Family Therapy Magazine

Transmitting Hypervigilance Through Intergenerational Trauma: Recommendations for Marriage and Family Therapists

African Americans have been shown to display distrust and hypervigilant behavior against people of authority and knowledge. When relaying their experiences to their peers and family members, hypervigilance seems to spread throughout the community resulting in more distrust. However, such hypervigilance may not be helpful or serve as a protective factor when and where trust is needed.


This article aims to examine the transmission of hypervigilant behavior in ethnic communities, specifically African American communities, while addressing the distrust between ethnic communities and institutional systems. This article also aims to provide therapeutic initiatives and recommendations for systemic therapists to implement in therapy practices in hopes of helping to decrease chronic hypervigilant behavior in Black and Brown communities.

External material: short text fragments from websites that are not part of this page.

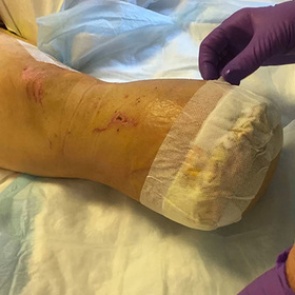 Американец пожарил свою ногу и накормил ей друзей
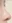 鼻尖形成術（自家軟骨移植） — ルホ美容外科クリニック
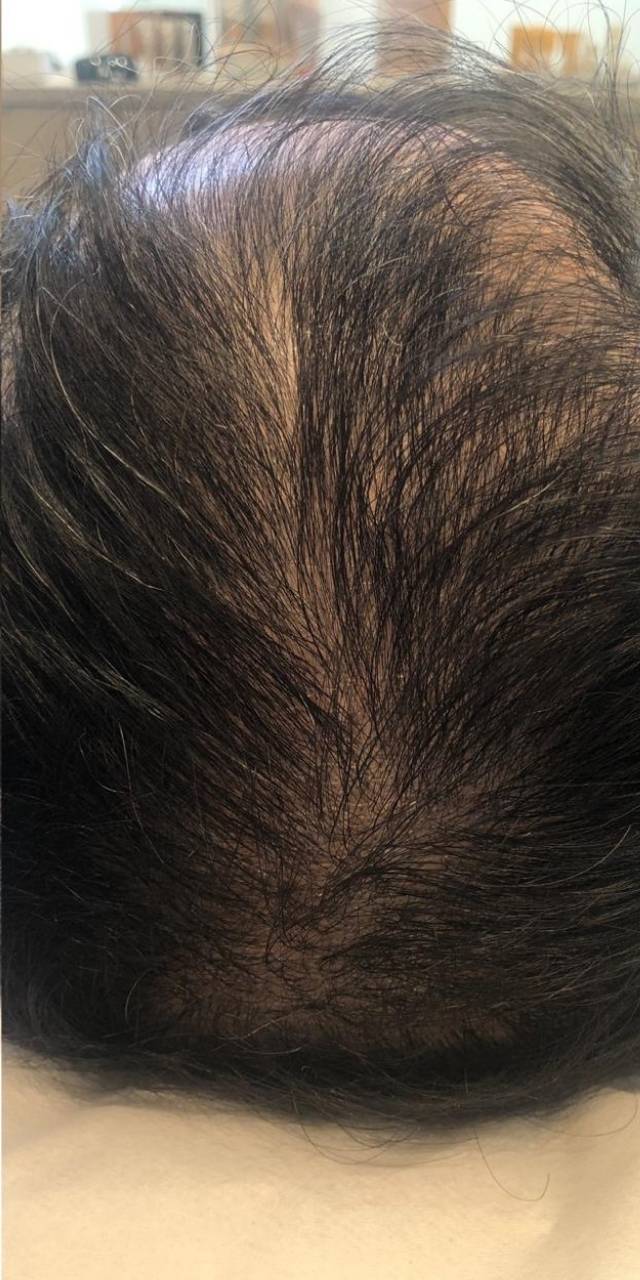 Tratamento de queda de cabelo em Olinda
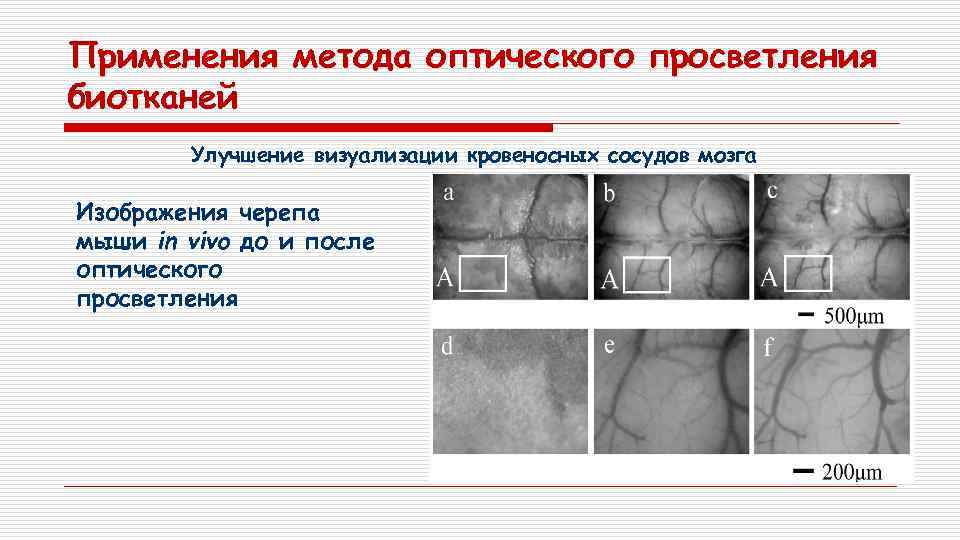 Применения метода оптического просветления биотканей Улучшение визуализации кровеносных сосудов мозга Изображения черепа мыши in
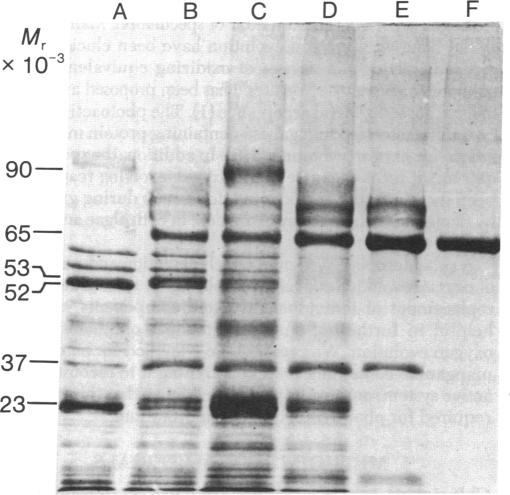 graphic file with name pnas00665-0273-a.jpg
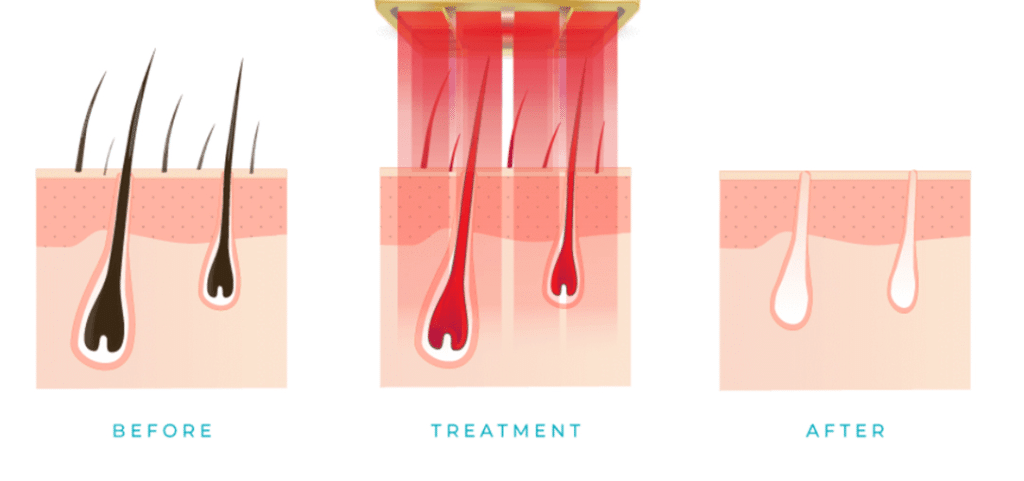 Procédure d'épilation au laser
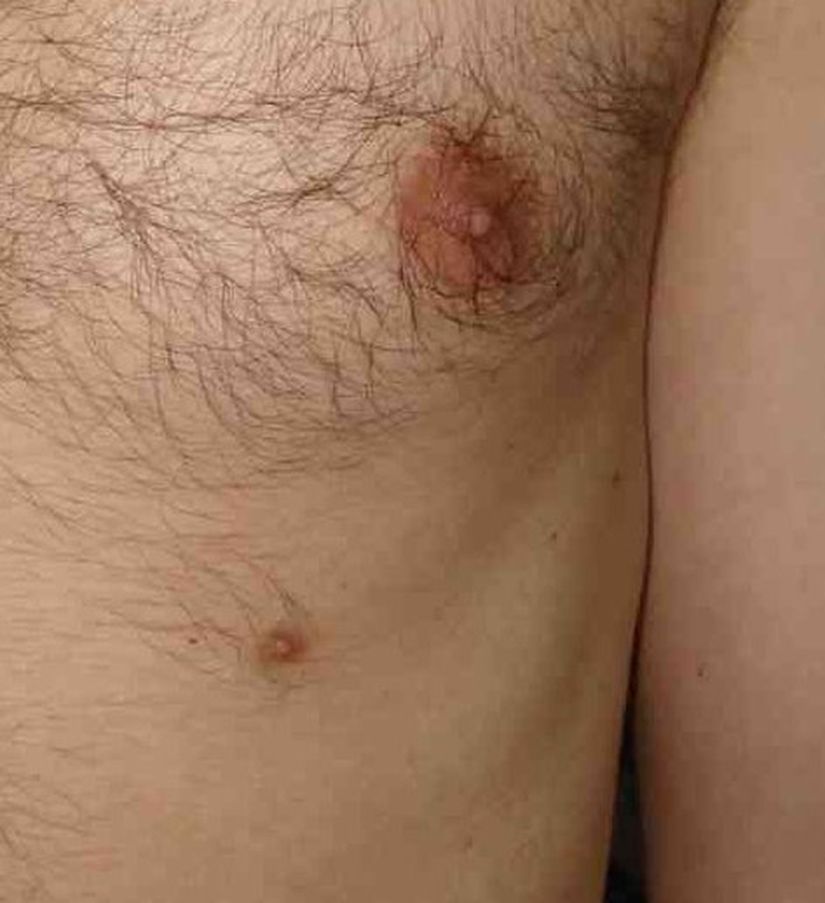 Supernumerary Nipple on Biological Male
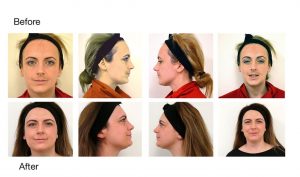 Treat Melasma with COSMEDIX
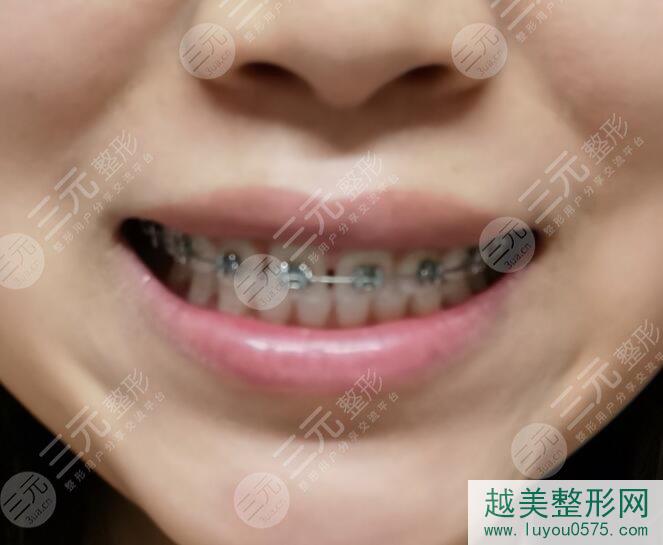 北京维尔口腔医院牙齿矫正后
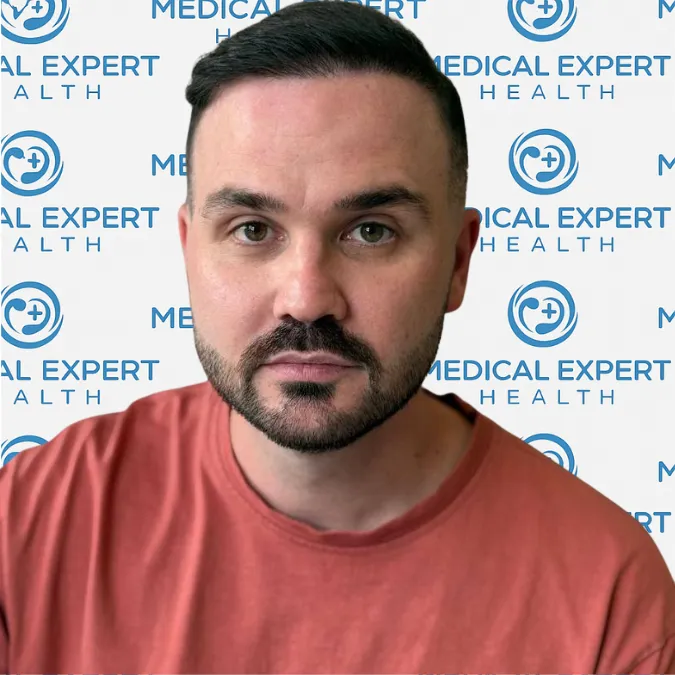 FUE Hair Transplant · Before and after - After
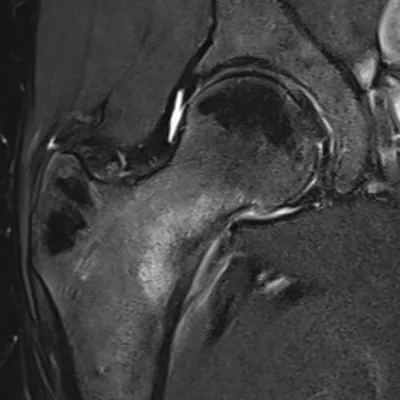 Femoral neck stress fracture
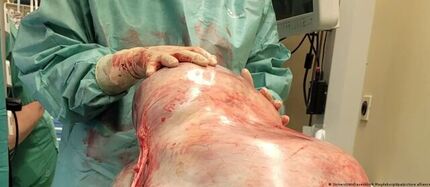 خارج کردن غده ۳۲ کیلویی از شکم یک زن ۲۴ سال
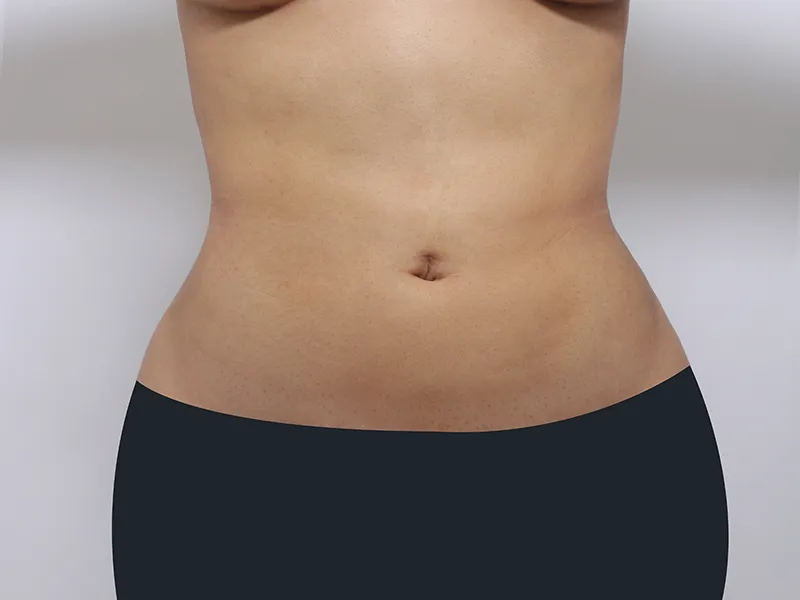 Abdomen liposuction after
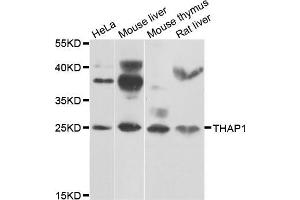 Western blot analysis of extracts of various cell lines, using THAP1 antibody (ABIN5975558) at 1/1000 dilution. (THAP1 Antikörper)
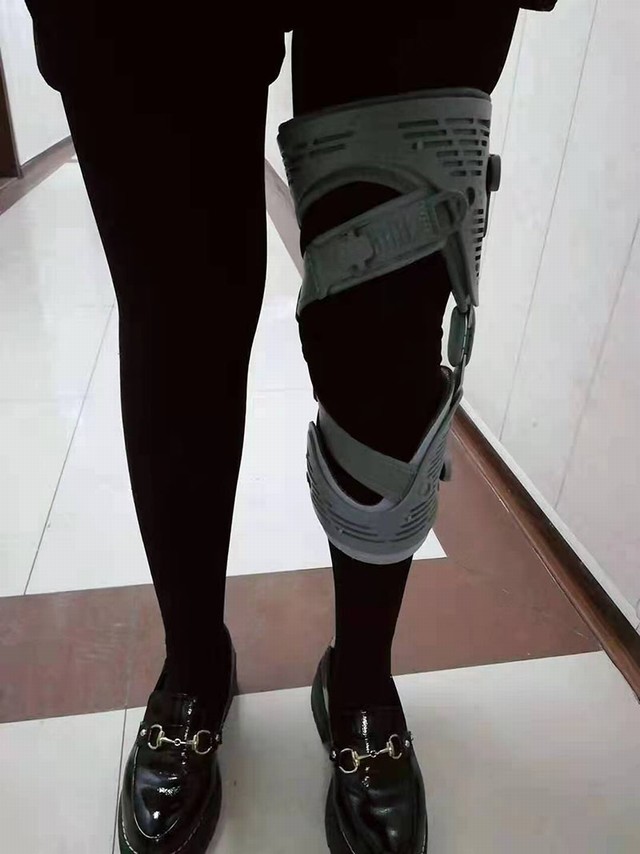 免荷一号（骨性枢纽炎）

Empirical evidence shows that people of color, specifically African Americans, display hypervigilant behavior relating to anxiety disorders, post-traumatic stress disorder (PTSD), and racial discrimination (Bryant-Davis, Adams, Alejandre, & Gray, 2017; Range, Gutierrez, Gamboni, Hough, & Wojciak, 2018; Williams, Printz, & DeLapp, 2018), and have a more heightened sense of hyperarousal because of these issues (Phan, So, Thomas, & Gaylord-Harden, 2020).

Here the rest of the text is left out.